● **Problem requirements**
Quote exactly the lines from the one with "Machinist Machinist T-Shirt" to the end of the data, both included; omit the pictures.

● **Dataset excerpt**
= Beginning of Section =
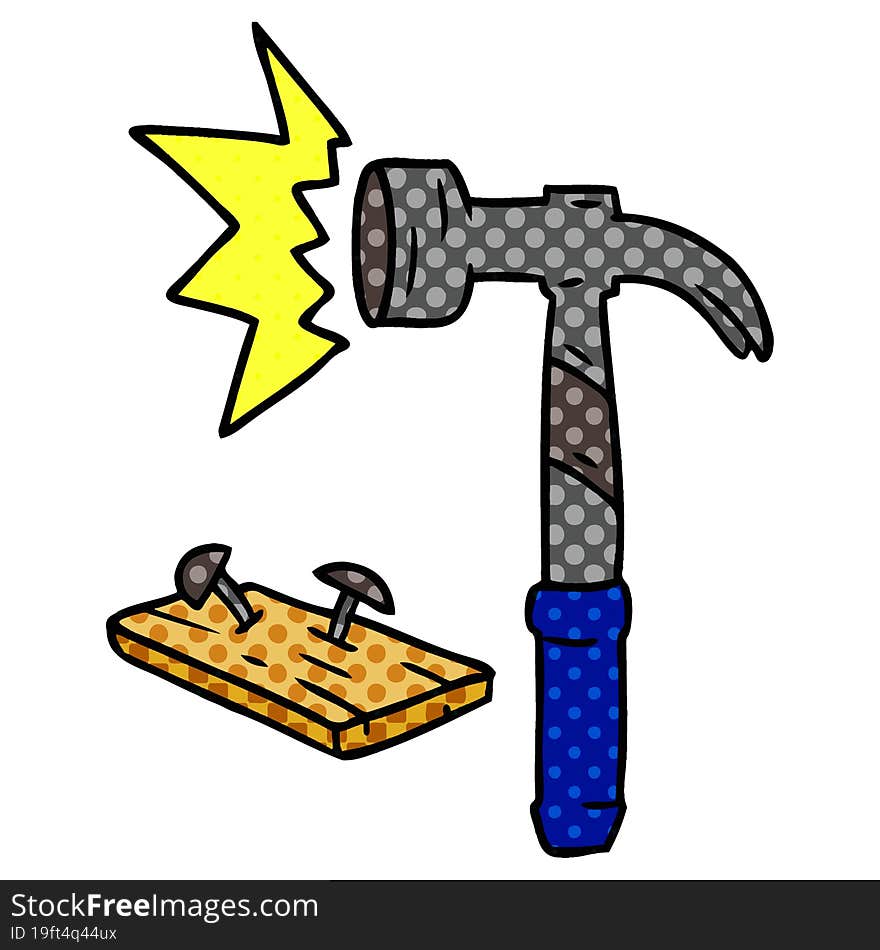 cartoon doodle of a hammer and nails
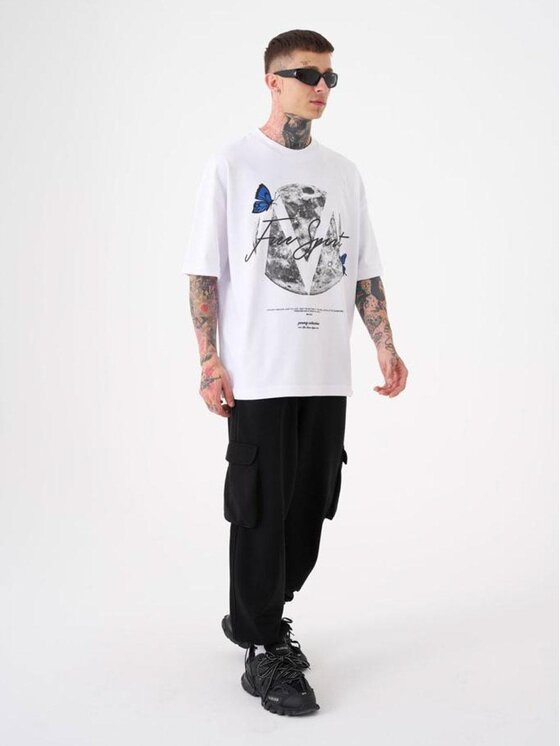 Machinist Machinist T-Shirt Koszulka Z Krótkim Rękawem Męska Biała Machinist Free Spirit M Biały Oversize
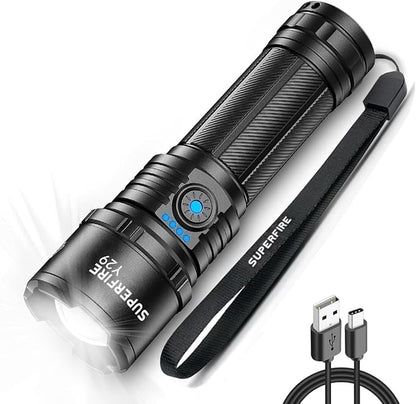 SuperFire Rechargeable Flashlights Bright Lumens, 5 Modes & Memory Function with 3000mAh Removable Battery, USB-C Zoomable & Waterproof, Perfect for Home Use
= End of Section =
● **Solution to the exercise**
 Machinist Machinist T-Shirt Koszulka Z Krótkim Rękawem Męska Biała Machinist Free Spirit M Biały Oversize
 SuperFire Rechargeable Flashlights Bright Lumens, 5 Modes & Memory Function with 3000mAh Removable Battery, USB-C Zoomable & Waterproof, Perfect for Home Use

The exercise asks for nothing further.